Photo credit: San Diego Skyline by Vanessa Vancour
Many experts have been speculating for a while about the development of the Mexican economy. This is being reflected in a growing trend showing the numerous positive benefits of establishing operations in Mexico.
Many companies are taking advantages of the shorter supply chains for manufacturing goods in Mexico rather than outsourcing to the Far East. It has been reported that Mexico has signed over forty trade agreements. This approach has been further strengthened by the links being established between San Diego and Tijuana. A number of experts are comparing the feel and experience of these links with the special economic zones seen in the 1990’s such as between Hong Kong and Shenzhen.
In fact many companies are treating their satellite offices established in Mexico as just another regional office despite it being in another country. Some even speculate about the possibility of putting in a joint bid for San Diego and Tijuana to host the 2024 Summer Olympic Games. This spirit of cooperation is radically different from years gone by, where San Diego experienced a great many problems with illegal immigrants crossing the border from Mexico.
There has been great change and now many San Diego residents see the potential for economic growth rather than a border threat. In fact, many influential decision makers are actively trying to bolster the Tijuana economy and bring about embracing cooperation. They are encouraging an attitude of communication and openness rather than viewing a security risk. Many feel that increased border security will be accompanied by a great economic cost.
Delays at high security border crossings can often take in excess of three hours which creates huge trade problems. Some supporters of building a regional economy believe that investment should be focused on more agents and crossing lanes rather than more fences. This would allow people to cross more quickly and increased technology could allow inspections in seconds rather than minutes. Recent research actually estimated that delays at the border could actually cost in excess of $2 billion each year for the region.
At the Regional Studies Department at San Diego State University, they believe that the national stigma about border control issues remains and while delays at border crossings may make some United States residents feel more secure, it is costing time and resources. They believe that it would better to improve the functions of the border and improve the inefficiencies which are penalizing businesses and the economy.
San Diego Major Filner has made the focal point of his administration the cross border relations and is mentioning Mexico whenever the opportunity presents itself. He has appointed a binational director of affairs and while the Olympic cross border bid has been rejected by the committee, he remains optimistic.

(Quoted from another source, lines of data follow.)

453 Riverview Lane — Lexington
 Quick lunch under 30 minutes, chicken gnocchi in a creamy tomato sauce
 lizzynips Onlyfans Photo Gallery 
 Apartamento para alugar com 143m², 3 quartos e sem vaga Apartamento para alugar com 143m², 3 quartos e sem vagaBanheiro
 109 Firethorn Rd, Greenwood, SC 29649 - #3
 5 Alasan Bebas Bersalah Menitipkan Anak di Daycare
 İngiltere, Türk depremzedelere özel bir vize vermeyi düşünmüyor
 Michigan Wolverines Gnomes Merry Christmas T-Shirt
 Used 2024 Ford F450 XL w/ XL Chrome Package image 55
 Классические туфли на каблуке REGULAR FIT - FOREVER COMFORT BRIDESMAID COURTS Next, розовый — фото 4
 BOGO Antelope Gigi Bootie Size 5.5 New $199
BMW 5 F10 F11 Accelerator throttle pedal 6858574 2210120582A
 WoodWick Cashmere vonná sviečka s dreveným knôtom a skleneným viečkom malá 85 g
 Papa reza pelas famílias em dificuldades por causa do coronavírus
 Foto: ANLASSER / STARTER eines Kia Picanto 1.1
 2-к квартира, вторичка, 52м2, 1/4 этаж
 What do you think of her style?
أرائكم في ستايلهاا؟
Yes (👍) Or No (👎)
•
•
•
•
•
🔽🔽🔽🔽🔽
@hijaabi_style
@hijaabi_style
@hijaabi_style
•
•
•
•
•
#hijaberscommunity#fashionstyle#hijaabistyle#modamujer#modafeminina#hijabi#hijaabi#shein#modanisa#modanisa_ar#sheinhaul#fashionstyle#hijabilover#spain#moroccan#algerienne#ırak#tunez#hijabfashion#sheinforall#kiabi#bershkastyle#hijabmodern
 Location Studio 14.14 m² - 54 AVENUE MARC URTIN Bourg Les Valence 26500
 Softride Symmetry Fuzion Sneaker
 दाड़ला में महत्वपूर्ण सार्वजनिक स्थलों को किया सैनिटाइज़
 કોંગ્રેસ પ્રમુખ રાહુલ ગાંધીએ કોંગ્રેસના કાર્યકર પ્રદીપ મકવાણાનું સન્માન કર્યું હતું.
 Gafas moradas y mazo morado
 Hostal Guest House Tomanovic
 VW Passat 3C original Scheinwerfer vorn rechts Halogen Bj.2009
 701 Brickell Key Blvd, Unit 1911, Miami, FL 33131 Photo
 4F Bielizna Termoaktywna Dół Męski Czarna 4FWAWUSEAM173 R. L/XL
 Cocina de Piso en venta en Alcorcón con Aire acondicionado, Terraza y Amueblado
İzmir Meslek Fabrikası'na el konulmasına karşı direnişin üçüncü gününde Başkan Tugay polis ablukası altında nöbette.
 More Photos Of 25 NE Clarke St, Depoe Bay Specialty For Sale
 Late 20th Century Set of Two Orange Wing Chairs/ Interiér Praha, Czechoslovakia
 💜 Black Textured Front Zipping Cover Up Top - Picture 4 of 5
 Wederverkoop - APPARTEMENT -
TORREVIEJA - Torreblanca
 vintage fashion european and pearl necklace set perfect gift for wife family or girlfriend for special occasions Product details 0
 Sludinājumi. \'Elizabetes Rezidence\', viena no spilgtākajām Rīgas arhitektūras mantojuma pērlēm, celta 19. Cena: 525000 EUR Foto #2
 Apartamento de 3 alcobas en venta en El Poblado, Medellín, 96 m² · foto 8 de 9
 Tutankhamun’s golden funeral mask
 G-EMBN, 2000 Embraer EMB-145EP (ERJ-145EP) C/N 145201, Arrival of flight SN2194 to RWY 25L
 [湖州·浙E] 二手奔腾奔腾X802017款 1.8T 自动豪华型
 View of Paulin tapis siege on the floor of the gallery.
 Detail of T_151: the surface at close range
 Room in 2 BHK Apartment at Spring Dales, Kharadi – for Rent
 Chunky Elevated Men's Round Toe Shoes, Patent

With Mexico receiving the second largest volume of exports from the U.S, it is clear that changes to infrastructure and border control will soon become a priority for the administration. Plans to expand the border crossing west have been approved; the federal money has yet to be appropriated. The Mexican side has already been renovated but the American side plans appear to have stalled. It is clear that these plans need action to push forward development and create the regional economy of the future.
Both cities are working in a bi-national project to accelerate growth of the region: A cross-border bridge from Tijuana Airport to San Diego border. For now, the Mexican side of this project is led by GAP (Grupo Aeroportuario del Pacífico), which manages Airports of Mexican Pacific from Guadalajara to Tijuana. It has been reported that Tijuana airport is working in an expansion that will be part of that international bridge.
Cities and counties are taking a more active role on seeking investments and domestic growth for their citizens. Regional integration is becoming a serious option to several cities for moving along from world recession. Globalization and technology have made easier such integration. Cross-border transactions, inter-state commerce and shared infrastructure still have to follow the law of the place and would require proper contracts and legal documentation, though.